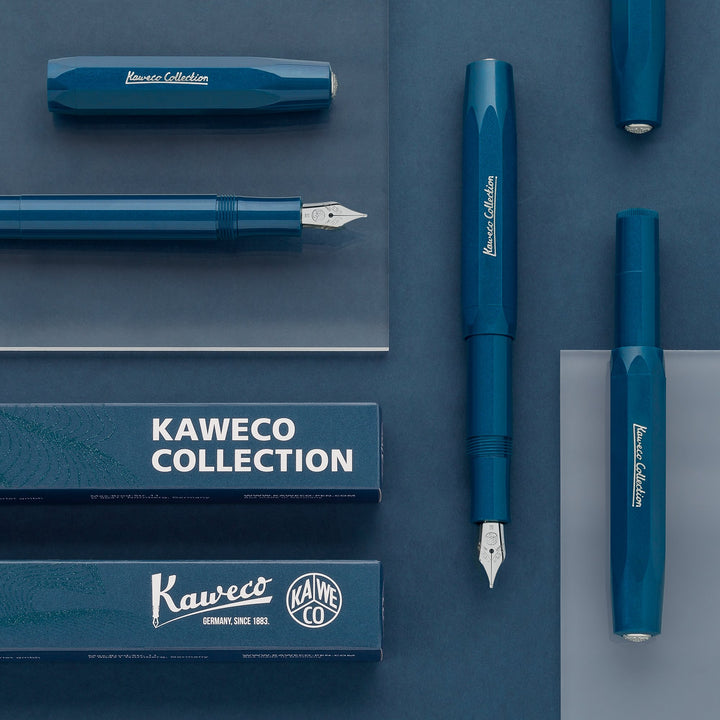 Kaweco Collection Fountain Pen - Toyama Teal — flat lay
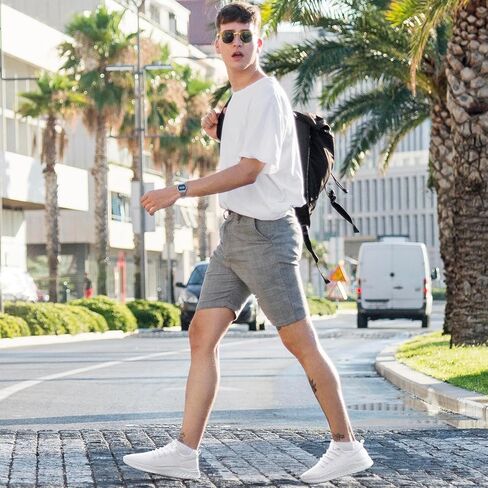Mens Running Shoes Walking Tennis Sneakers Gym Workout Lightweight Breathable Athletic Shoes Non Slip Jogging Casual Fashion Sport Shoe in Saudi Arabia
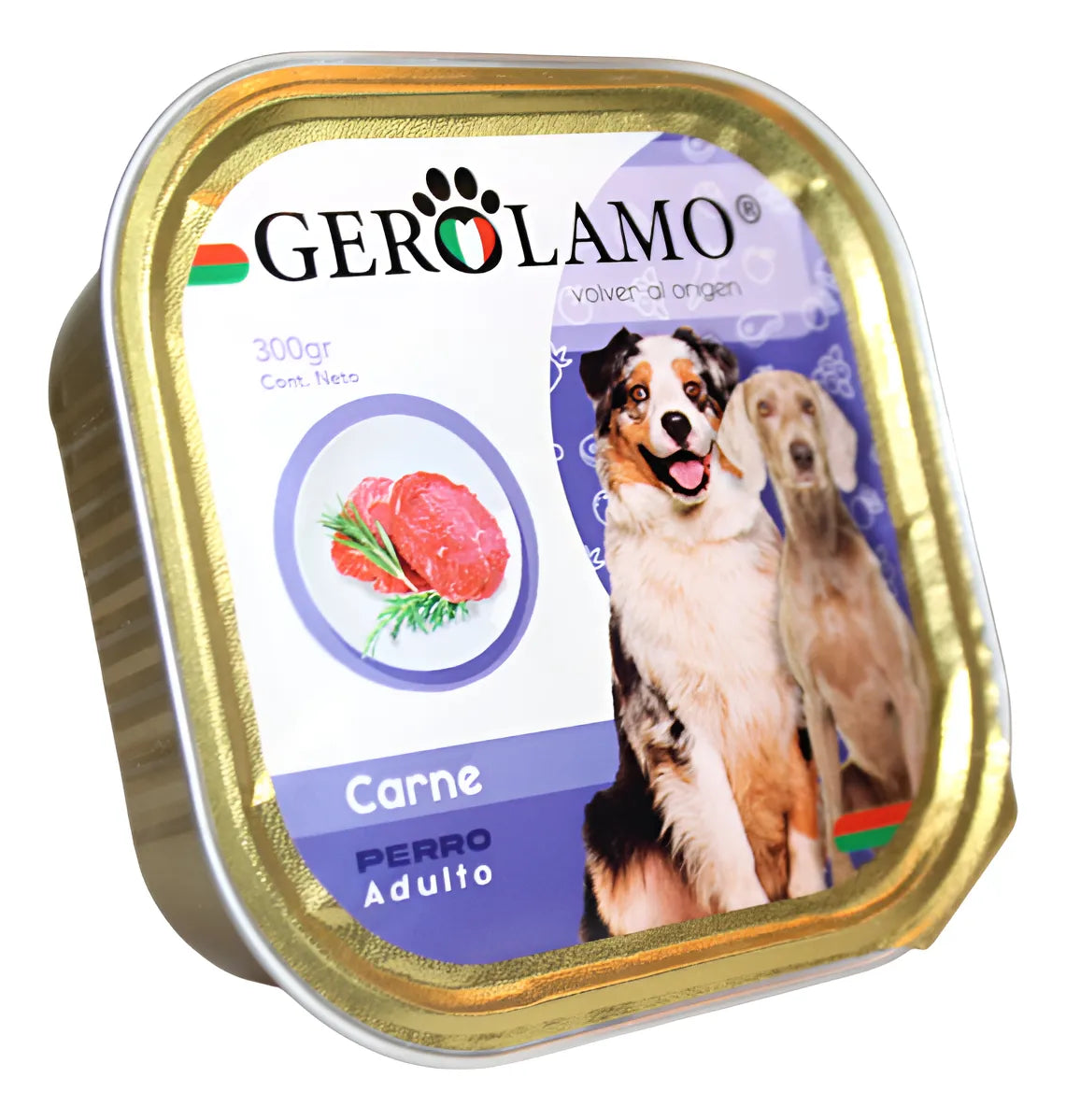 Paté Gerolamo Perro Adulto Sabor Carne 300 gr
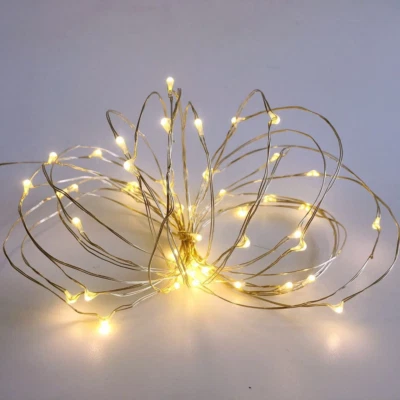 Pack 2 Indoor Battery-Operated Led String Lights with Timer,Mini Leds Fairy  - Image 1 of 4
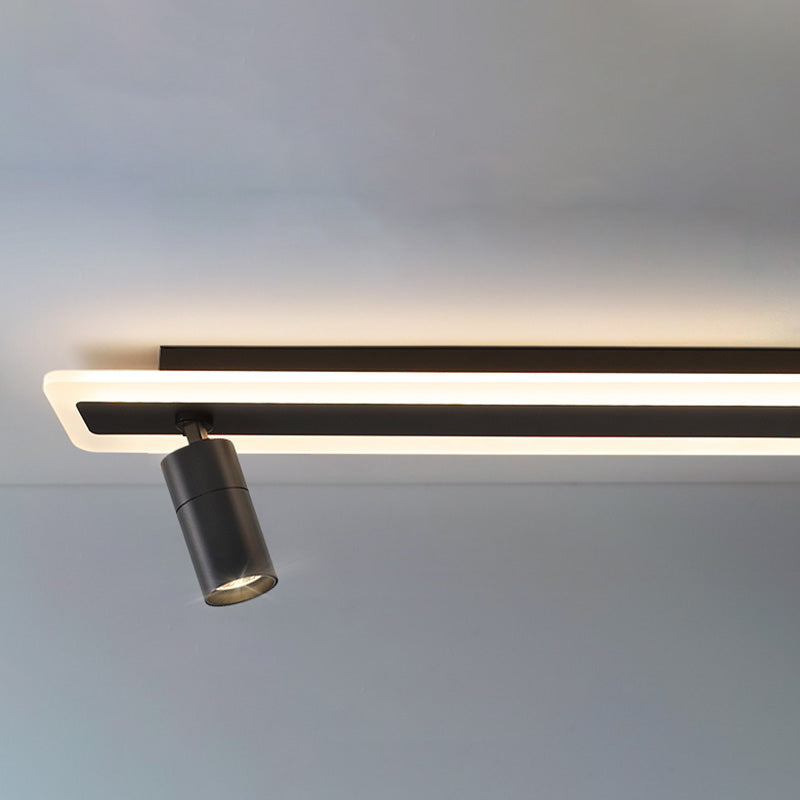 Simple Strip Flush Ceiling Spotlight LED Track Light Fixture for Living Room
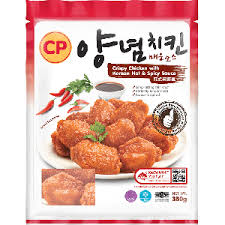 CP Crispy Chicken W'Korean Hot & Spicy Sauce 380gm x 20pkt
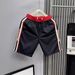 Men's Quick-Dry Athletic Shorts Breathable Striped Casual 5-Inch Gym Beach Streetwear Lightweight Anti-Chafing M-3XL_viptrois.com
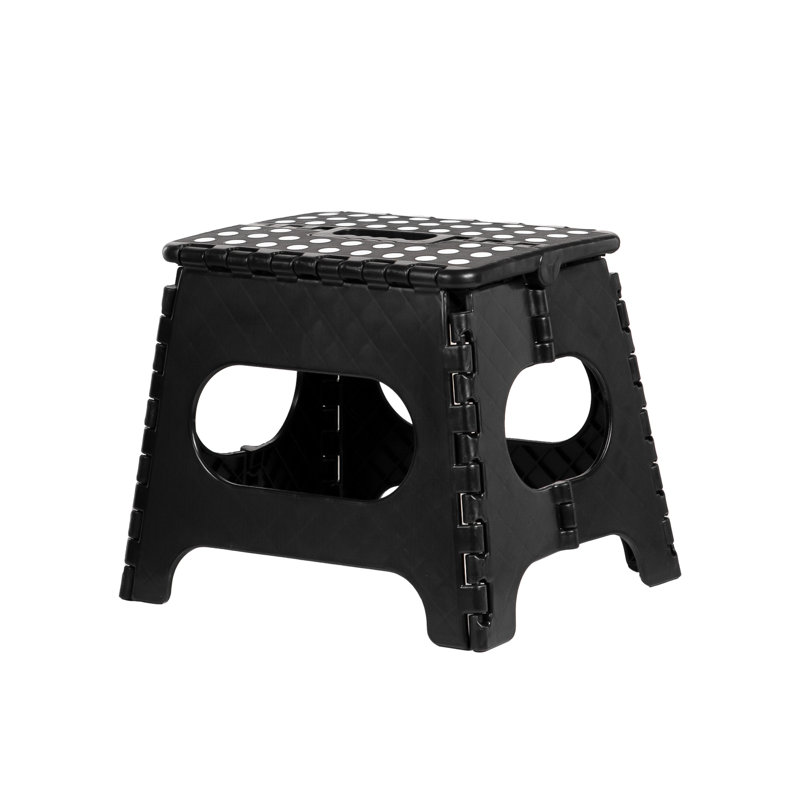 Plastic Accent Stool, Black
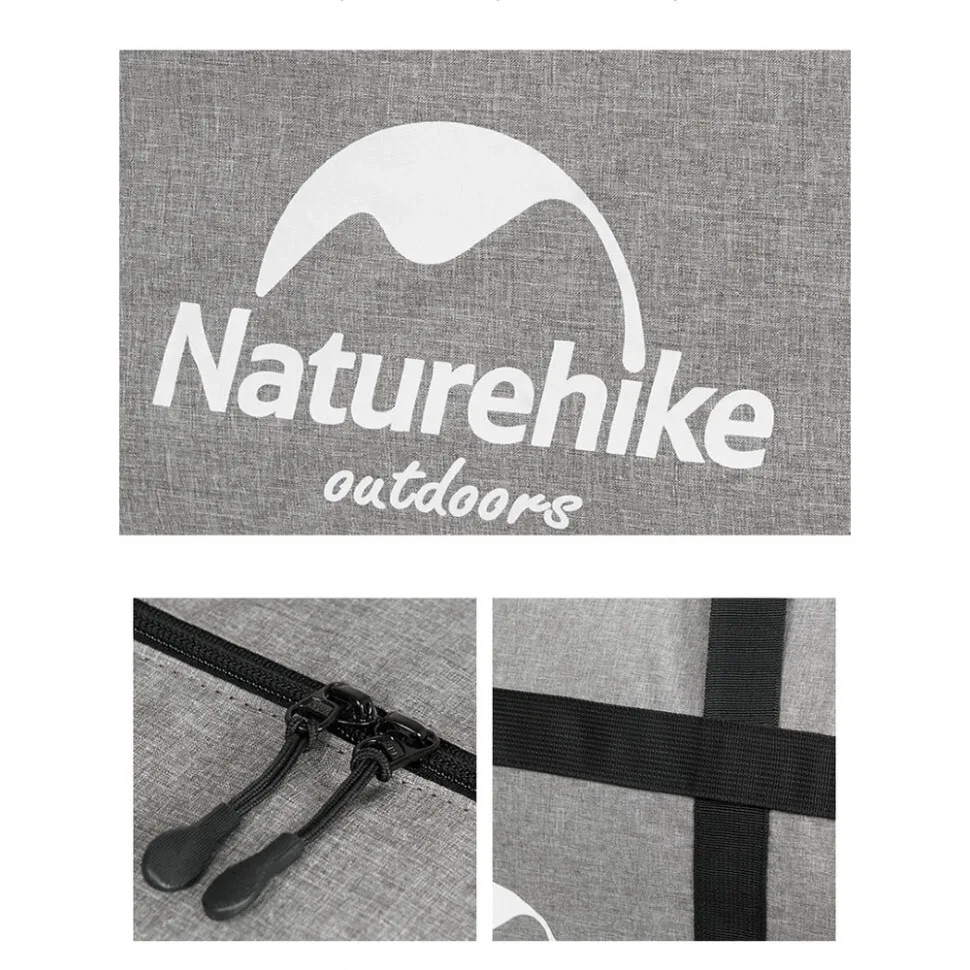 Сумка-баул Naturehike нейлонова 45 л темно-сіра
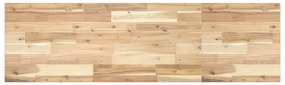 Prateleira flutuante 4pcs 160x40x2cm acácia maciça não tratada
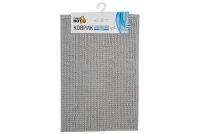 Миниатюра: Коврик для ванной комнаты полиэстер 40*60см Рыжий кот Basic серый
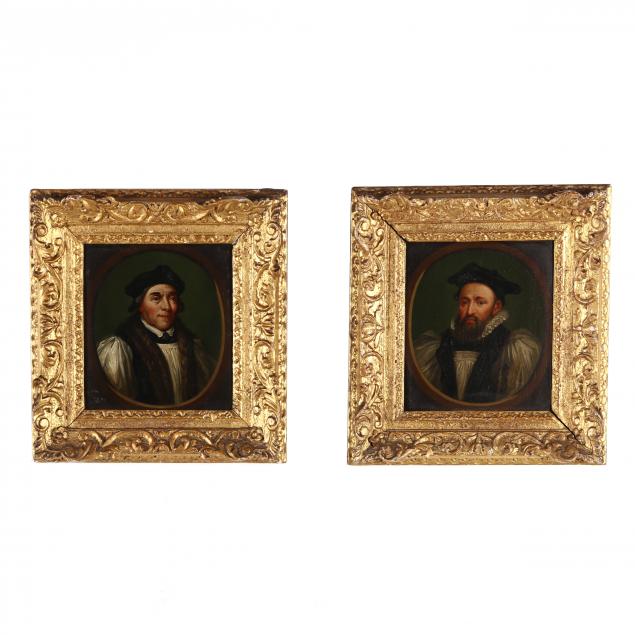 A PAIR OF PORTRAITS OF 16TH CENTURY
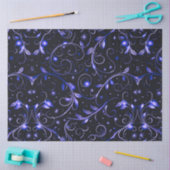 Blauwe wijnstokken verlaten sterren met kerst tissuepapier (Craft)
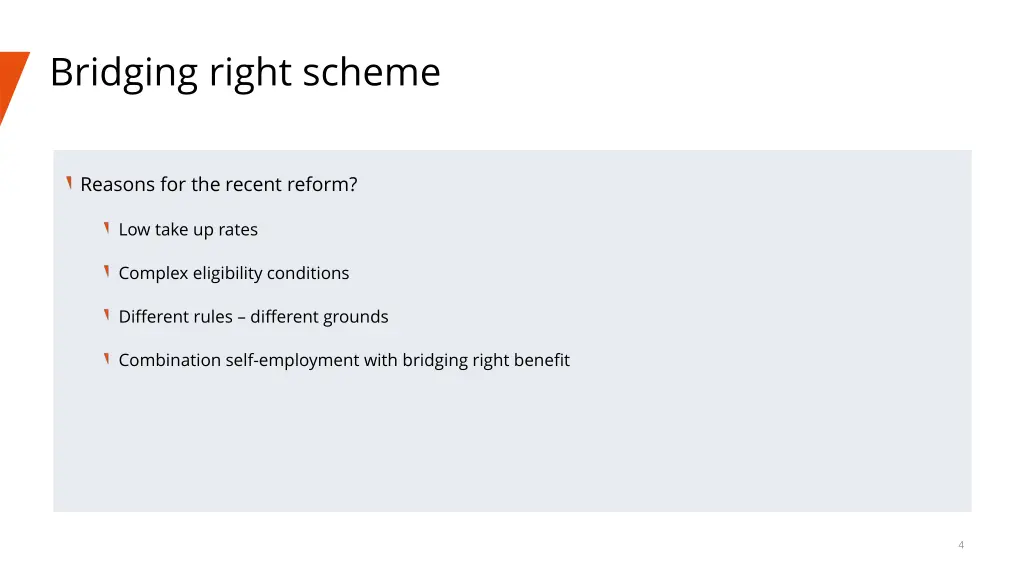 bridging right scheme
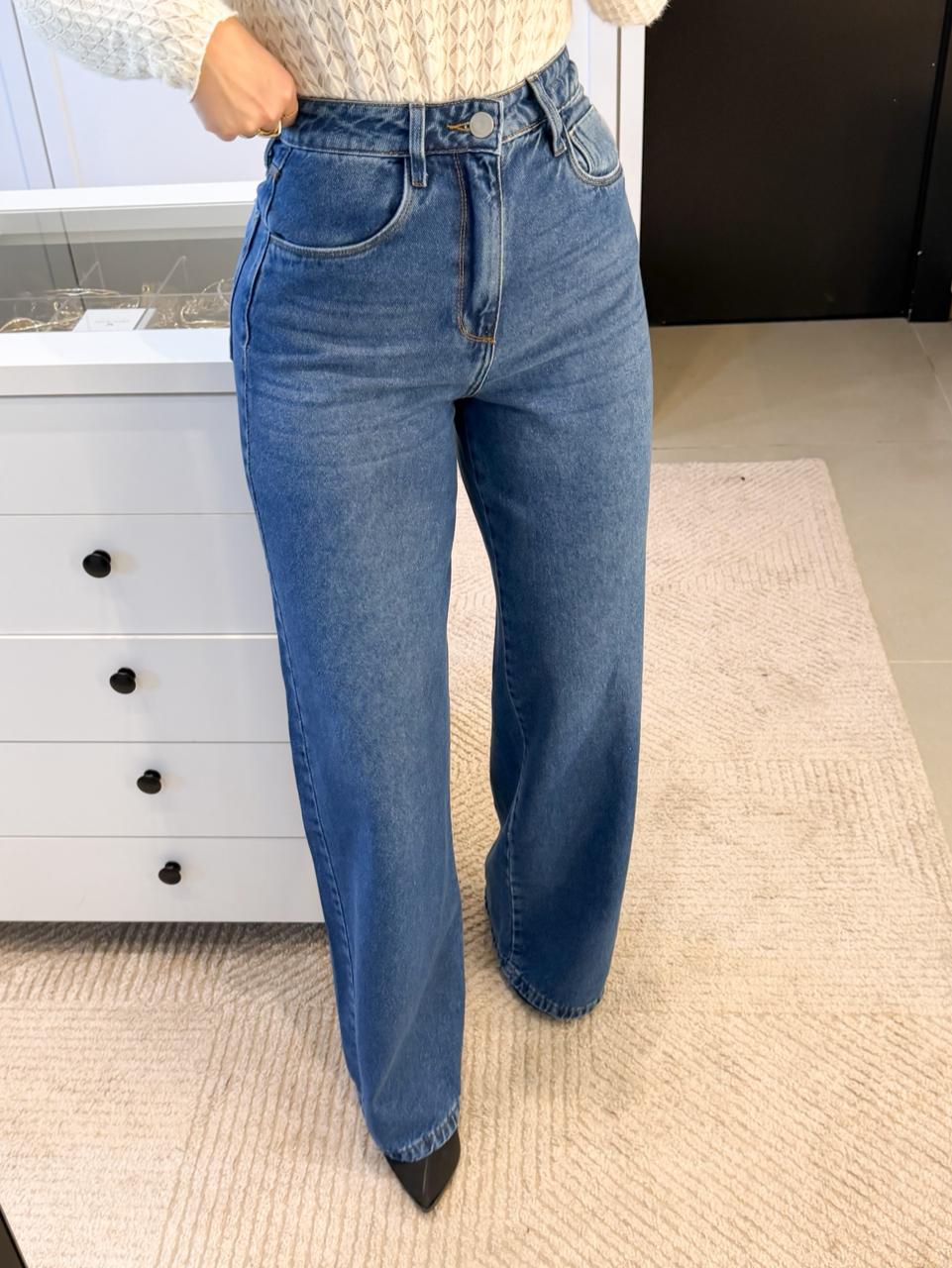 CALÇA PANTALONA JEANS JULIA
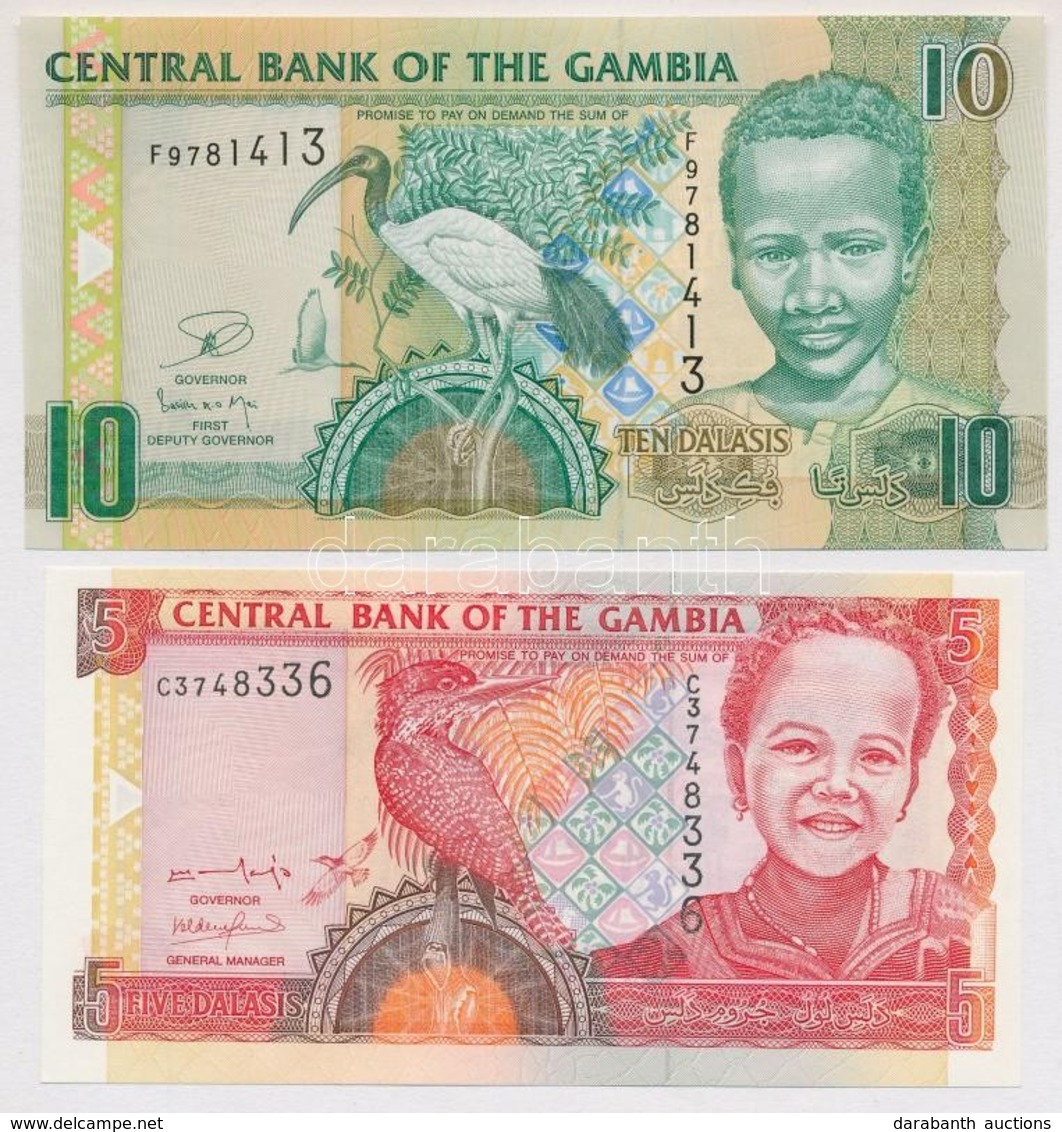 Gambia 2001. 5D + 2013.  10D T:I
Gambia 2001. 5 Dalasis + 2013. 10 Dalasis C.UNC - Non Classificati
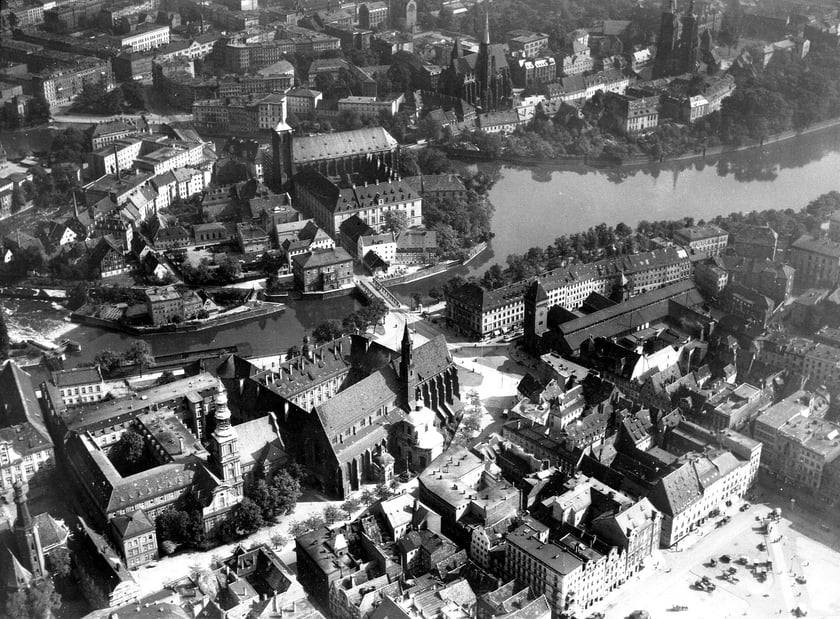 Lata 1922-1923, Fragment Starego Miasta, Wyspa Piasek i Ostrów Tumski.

-*-*-

WORK REQUEST: Copy exactly the lines of the entries above from the one containing "Paté Gerolamo Perro" through the one containing "CP Crispy Chicken". Both end lines count; pictures do not.

ANSWER BELOW:
 Paté Gerolamo Perro Adulto Sabor Carne 300 gr
 Pack 2 Indoor Battery-Operated Led String Lights with Timer,Mini Leds Fairy  - Image 1 of 4
 Simple Strip Flush Ceiling Spotlight LED Track Light Fixture for Living Room
 CP Crispy Chicken W'Korean Hot & Spicy Sauce 380gm x 20pkt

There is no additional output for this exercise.